═══ Records for the exercise ═══
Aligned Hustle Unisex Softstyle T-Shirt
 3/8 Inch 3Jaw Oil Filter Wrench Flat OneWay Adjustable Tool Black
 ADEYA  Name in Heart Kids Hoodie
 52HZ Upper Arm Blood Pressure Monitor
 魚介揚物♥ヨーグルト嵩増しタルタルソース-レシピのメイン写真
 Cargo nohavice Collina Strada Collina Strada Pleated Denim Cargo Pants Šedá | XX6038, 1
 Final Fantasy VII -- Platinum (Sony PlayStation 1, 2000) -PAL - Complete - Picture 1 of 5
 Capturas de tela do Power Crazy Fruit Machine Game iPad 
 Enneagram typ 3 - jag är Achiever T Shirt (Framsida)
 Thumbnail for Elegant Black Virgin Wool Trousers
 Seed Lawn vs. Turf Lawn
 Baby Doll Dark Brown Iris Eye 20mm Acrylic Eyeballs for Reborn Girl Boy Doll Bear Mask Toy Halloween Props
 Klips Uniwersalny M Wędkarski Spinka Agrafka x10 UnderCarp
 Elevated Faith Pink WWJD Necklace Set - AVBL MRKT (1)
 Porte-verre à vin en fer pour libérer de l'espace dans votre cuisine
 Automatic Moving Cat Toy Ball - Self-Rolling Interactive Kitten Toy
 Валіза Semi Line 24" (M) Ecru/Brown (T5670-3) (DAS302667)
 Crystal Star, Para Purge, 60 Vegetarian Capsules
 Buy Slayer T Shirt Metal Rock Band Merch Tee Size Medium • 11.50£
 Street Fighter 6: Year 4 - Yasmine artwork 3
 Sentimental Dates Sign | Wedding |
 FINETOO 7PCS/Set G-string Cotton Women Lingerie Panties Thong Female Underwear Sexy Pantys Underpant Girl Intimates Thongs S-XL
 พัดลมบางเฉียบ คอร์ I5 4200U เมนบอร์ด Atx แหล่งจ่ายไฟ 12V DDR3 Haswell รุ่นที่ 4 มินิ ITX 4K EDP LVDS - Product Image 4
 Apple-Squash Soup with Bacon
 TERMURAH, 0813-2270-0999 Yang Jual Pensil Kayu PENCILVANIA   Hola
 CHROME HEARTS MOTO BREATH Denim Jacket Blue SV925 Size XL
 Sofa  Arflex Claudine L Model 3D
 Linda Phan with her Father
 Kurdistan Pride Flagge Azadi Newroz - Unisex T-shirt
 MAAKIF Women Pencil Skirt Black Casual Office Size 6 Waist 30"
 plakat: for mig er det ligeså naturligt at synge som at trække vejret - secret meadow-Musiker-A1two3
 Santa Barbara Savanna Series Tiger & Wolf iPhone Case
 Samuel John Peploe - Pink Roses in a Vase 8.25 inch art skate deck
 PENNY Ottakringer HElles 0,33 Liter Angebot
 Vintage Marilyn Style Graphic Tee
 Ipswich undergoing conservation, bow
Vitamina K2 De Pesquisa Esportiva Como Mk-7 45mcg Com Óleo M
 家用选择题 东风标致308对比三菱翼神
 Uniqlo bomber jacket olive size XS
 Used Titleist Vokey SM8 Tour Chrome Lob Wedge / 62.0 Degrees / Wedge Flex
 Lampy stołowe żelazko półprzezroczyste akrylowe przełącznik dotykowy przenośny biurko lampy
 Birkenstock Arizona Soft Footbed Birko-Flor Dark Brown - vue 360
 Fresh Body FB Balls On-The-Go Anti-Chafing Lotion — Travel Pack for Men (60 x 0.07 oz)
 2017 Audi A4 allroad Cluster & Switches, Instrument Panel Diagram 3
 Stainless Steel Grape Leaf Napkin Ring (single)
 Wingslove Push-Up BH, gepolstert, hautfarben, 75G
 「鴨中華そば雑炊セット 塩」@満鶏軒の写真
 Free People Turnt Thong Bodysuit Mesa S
═══
Nothing but the lines from the top of the entries above through the line with "Cargo nohavice Collina" should be set down, each exactly as written.

Aligned Hustle Unisex Softstyle T-Shirt
 3/8 Inch 3Jaw Oil Filter Wrench Flat OneWay Adjustable Tool Black
 ADEYA  Name in Heart Kids Hoodie
 52HZ Upper Arm Blood Pressure Monitor
 魚介揚物♥ヨーグルト嵩増しタルタルソース-レシピのメイン写真
 Cargo nohavice Collina Strada Collina Strada Pleated Denim Cargo Pants Šedá | XX6038, 1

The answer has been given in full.